By Kaori Kaneko and Tetsushi Kajimoto
TOKYO (Reuters) - Japanese cabinet ministers moved to shore up confidence in U.S. debt on Tuesday after Standard & Poor's threatened to lower its credit rating on the world's largest economy, touching a nerve with one of the largest holders of Treasuries.
Asian nations have amassed trillions of dollars in U.S. debt through recycled export earnings, and have a vital interest in maintaining its value. So it was no surprise that officials were keen to play down the danger.
"The United States is tackling fiscal issues in various ways, so I still think U.S. Treasuries are basically an attractive product for us," Finance Minister Yoshihiko Noda told reporters after a cabinet meeting.
Treasury prices did indeed prove resilient on Tuesday, though that did not stop stocks markets from skidding across the Asian region.
S&P, which assigns ratings to guide investors on the risks involved in buying debt instruments, slapped a negative outlook on the United States' top-notch AAA credit rating on Monday and said there was at least a one-in-three chance that it could eventually cut it unless politicians found a way to slash the yawning budget deficit within two years.
The warning came as markets were fretting over the risk of Greece having to restructure its debt and sparked a general pullback from equities and commodities.
If investors start demanding higher returns for holding riskier U.S. debt, the rise in bond yields could erode the value of Treasuries held in currency reserves and push borrowing costs up in other countries.
Japan's reserves stood at $1.12 trillion at the end of March, the bulk of which is thought to be in Treasuries.
Even that pile is dwarfed by China's $3 trillion in reserves, and again much of that is believed to be in U.S. government debt. China's foreign exchange regulator and other policy advisors had no immediate comment after the S&P move.
So monstrous have China's holdings become that it is stoking inflation in the country while making it almost a captive investor in Treasuries, the only market large and liquid enough to absorb such mountains of cash.
Li Jie, the head of the China Foreign Exchange Reserve Research Center, an academic institute with the Central University of Finance and Economics in Beijing, said S&P's warning would ring alarm bells for Beijing.
The scale of the potential losses from a slide in the value of U.S. debt would drive China to cut the share of Treasuries in its holdings, he said.
"It's widely believed that U.S. treasuries make up about 70 percent in China's foreign exchange reserves, but China may cut the proportion to 50 percent or less in the coming decade," Li said.
Achieving such a shift without spooking the market and driving down Treasury prices would be no small feat, however.
The danger of a U.S. downgrade could also draw unwanted attention to Japan's huge debt burden, which is likely to grow larger as the government secures funding to rebuild after last month's devastating earthquake and tsunami.
Japan is set to compile an extra budget worth about 4 trillion yen ($48.4 billion) to start reconstruction after the March 11 earthquake and tsunami, which also triggered the world's worst nuclear crisis in a quarter century.
This is likely to be the first of several spending packages.
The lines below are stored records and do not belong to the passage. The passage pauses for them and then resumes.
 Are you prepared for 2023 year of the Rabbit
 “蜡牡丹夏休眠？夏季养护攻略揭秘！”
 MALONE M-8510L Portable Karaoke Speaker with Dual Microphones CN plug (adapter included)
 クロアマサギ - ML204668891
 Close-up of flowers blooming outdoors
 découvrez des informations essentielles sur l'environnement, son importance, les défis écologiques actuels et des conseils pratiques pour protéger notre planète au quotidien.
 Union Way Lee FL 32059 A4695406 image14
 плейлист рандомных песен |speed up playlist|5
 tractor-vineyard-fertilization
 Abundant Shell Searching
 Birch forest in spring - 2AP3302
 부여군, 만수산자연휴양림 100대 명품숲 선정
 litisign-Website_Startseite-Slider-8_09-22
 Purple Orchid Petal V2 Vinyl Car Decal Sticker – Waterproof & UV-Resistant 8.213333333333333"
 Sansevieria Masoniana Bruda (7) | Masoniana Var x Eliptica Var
Japan's public debt is already twice the size of its $5 trillion economy, and policymakers have said new bond issuance would be needed after the first extra budget to pay for reconstruction costs.
S&P cut Japan's sovereign rating to AA-minus in January, although it said shortly after the March disaster that it did not expect to change its ratings stance on Japan.
Japan's third-largest private life insurer, Meiji Yasuda Life also expressed confidence in U.S. Treasures and said it had no plan to change its stance after the S&P downgrade. It added it planned to increase its holdings of yen bonds and foreign bonds, with a focus on dollar bonds.
However, the market seemingly most threatened by a downgrade -- Treasuries -- was among the least alarmed.
Yields on 10-year notes were steady at around 3.38 percent, not far from a near four-week low of 3.36 percent hit on Monday before the S&P news broke. The sanguine reaction underlines just how long-simmering this problem has been.
"Investors won't be shocked if the rating is lowered to just double A," said a fund manager at a U.S. asset management firm. "In fact, I would wonder why Treasuries are still rated triple A."
Some investors even hoped that S&P's threat may put pressure on the White House and the U.S. Congress to reach a compromise on measures on deficit reduction, as a failure to clinch a deal could lead to government shutdown as the U.S. is expected to hit the current debt ceiling by May 16.
The White House last week announced plans to cut $4 trillion from the deficit over the next 12 years, mostly through spending cuts and tax hikes on the rich. Congressional Republicans want deeper spending cuts and no tax increases.
"The gap between the two sides seems immense but this warning of a rating downgrade might help them reach an agreement," said Arihiro Nagata, manager of foreign bond trading at Sumitomo Mitsui Banking Corp.
That was a sentiment echoed by a source familiar with managing South Korea's foreign exchange reserves, which currently top $291 billion.
"I think this is a good development in a sense that this will eventually help spur efforts in the United States to improve its fiscal health," said the source.